When my Mom was a little girl, she was in the Philippines once, and watched some artisans carve these amazing end tables, which they created by sitting on stools and holding the chisels between their toes. At least, that’s how I remember the story being told. I’ll have to ask her about that, because it seems ridiculous now.

Anyways, I’ve always loved the 2 end tables and the coffee table, and said jokingly that I’d like them left in the will to me. Now she’s completely redesigning her kitchen, and she wants everything in the kitchen, dining room, and family room completely changed. So all the kids have to take stuff away from her house now. I’m supposed to pick up three very tall bookcases and a cd-tower to match, plus the three carved tables.

I had reserved a moving truck for today, and even coaxed my roomies into driving me up north an hour on the freeway to pick up the truck, help me load the furniture, and then follow me back home to the apartment to unload everything and return the truck down here (as a one-way truck). But late yesterday afternoon, the truck company called to apologize that they won’t have a truck available in the morning after all. They *might* have one by the afternoon, but no guarantees.

*gigantic sigh*

So now I’ve puttered around all afternoon, no call from the company, no truck, no furniture moved. But this evening the roomies and I will still drive up to my Mom’s town to see “Guys and Dolls” so it won’t be a completely lost day. Just now I’ll have to find a half-day off work to have Geoff drive me up after he gets off work, provided they have a truck available on one of his “get off at 1 pm” days this week, and that I can leave work early to meet up with him and do the trip.

Well, back to puttering and catching up on TiVo. At least I can say that I’m getting a few organizational things done on my computer this afternoon.

Back to the journaling method

A dear friend of mine has been using Journal Scape successfully for years now, and I finally thought this morning, “Gee, some friends have been bugging me to get back to journaling again.”

So I’ll be not only trying to give little daily updates from here on out, but trying to move my old archives over here one by one.

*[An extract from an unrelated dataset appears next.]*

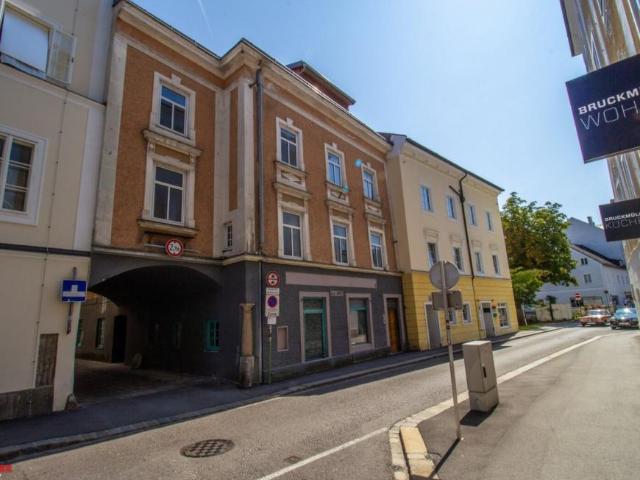 Haus kaufen in Wels, Oberösterreich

Life’s been really great in the new job—today marks five full weeks at the new place! In week three I managed to work out at the gym 3x, week four 3x in the gym, and week five just once so far but I’m planning to go today as well.

Most of my brain conversations lately have included all the sane and healthy steps to putting my life back into a normal routine again. I’m glad for my experience on the government subcontract job, and certainly love the Excel-guru skills I picked up, but I’m relieved to be back into a normal public-sector job, back on the career I was doing three years ago, and in a fantastic company where there are gazillions of benefit. It’s really encouraging to be back in an encouraging environment. *phew*

So, here’s to being sane and balanced and organized again!

Thoughts about dating and things

A friend of mine wrote me an email:

> I thought of joining up with Match.com….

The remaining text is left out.